I spent my birthday on the farm. Today was the Great Peninsula Conservancy’s “Petersen Farm Day” event. If you’ve ever walked the Clear Creek Trail to its north end in the marshy grasslands you’ve seen it. Turning off Hwy. 303 to SR 3, if you look to the right, that large open grassland with the fantastic old barn is the place.
Today’s event combined community activism with a family get-together. Gerry Petersen’s niece Dorothy Lind led walking tours of the farm, trading family stories with her cousins. The farm’s current overseer Scott Hall told us the history of that marvelous 1904 barn. A very entertaining historian acted the part of Holm’s neighbor Levin, whose home is now part of the Petersen farm.
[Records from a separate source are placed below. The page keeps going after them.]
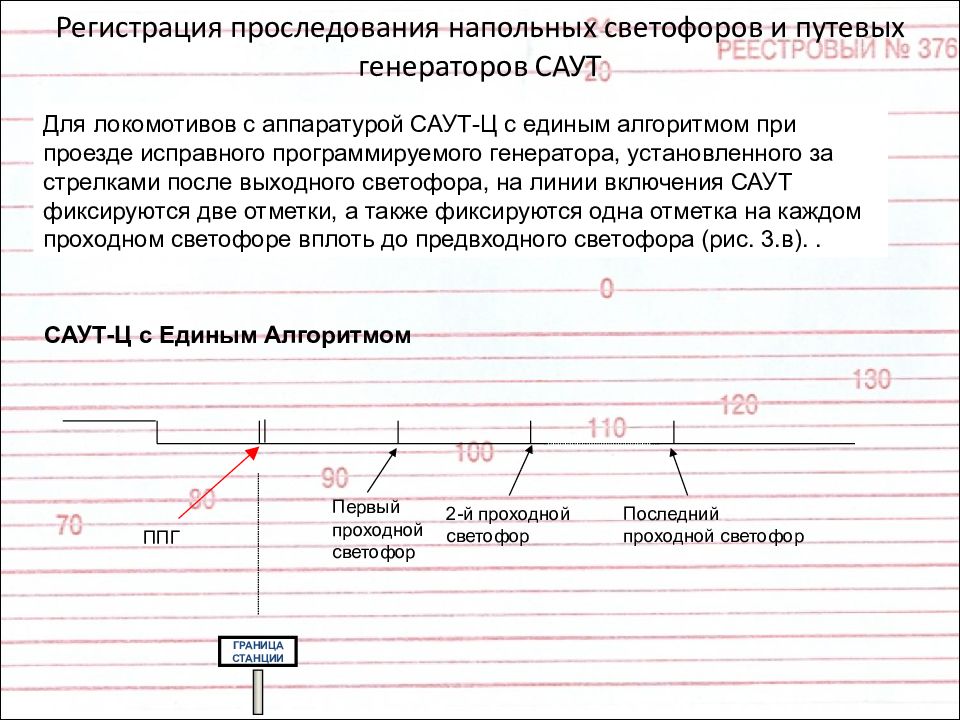 После проследования поезда имеющего в составе. Саут-цм/485 фото. Скорость проследования переездов по правильному пути. Антенна Саут принимает от путевых генераторов:.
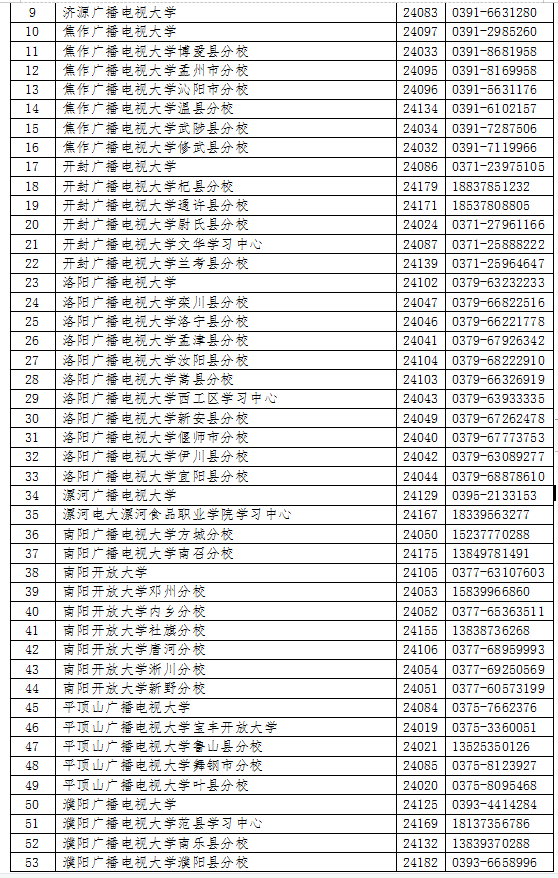 河南安阳开放大学2023年春季招生简章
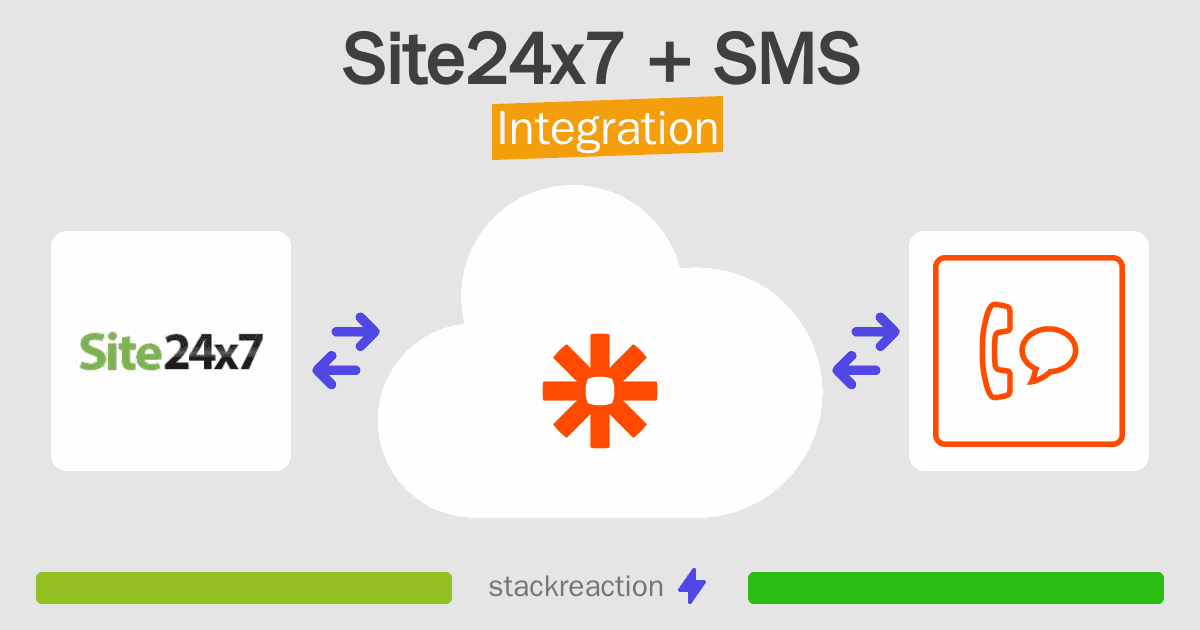Site24x7 and SMS Integration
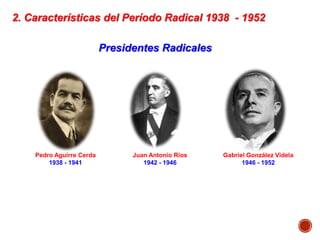 2. Características del Período Radical 1938 - 1952
Juan Antonio Ríos
1942 - 1946
Pedro Aguirre Cerda
1938 - 1941
Gabriel González Videla
1946 - 1952
Presidentes Radicales
 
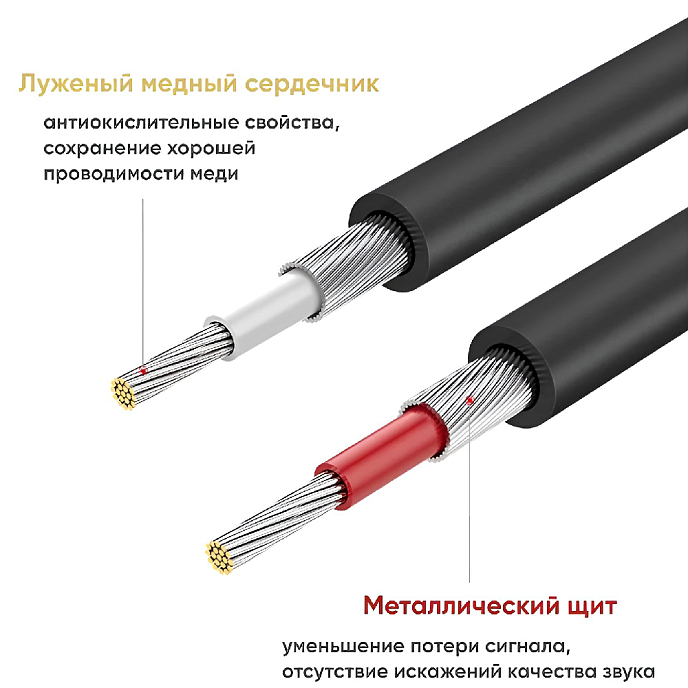 Кабель Ugreen AV104 2RCA - 2RCA Black 5m - рис.4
So many of the people who showed up today are friends and neighbors of the farm and its people. Nikki Johanson of Pheasant Fields Farm is growing row crops on the property – her place is part of the original Holms homestead too and immediately adjacent to the farm. The Great Peninsula Conservancy was joined by the Kitsap Historical Society, the Clear Creek Trail task force, and the Noxious Weed Control Board, all on hand to pass out information. There were produce stands, a yarn vendor, food and music. Oh, and Kitsap County Commissioner Charlotte Garrido was on hand as well – she’s the one spearheading the Kitsap Food Chain project.
Here’s the deal: Gerry Petersen didn’t have any kids. Scott Hall worked with him the last decade of his life helping him to farm the place and wants to buy it. Gerry wanted it kept together as a farm. The estate has received offers from developers who covet all that open space. In response community groups are rallying to preserve it as a farm. Partly it’s important to protect Clear Creek and the watershed. At least as importantly, the farm is the hub of a whole wheel of farms in South Kitsap, the center of a renaissance of farming, which in turn is the center of local food. So the Great Peninsula Conservancy is working to buy a conservation easement which would keep the land as farmland.
The farm is not just a living link to the past, although it is that – everyone had Gerry Petersen stories. It’s also a living link to our future. In Kitsap County there is so much yearning for local food and sustainable systems. Preserving the Petersen Farm is a huge step in the right direction. It was so encouraging to see the community come together today. I see my own family’s future as vitally tied to this effort.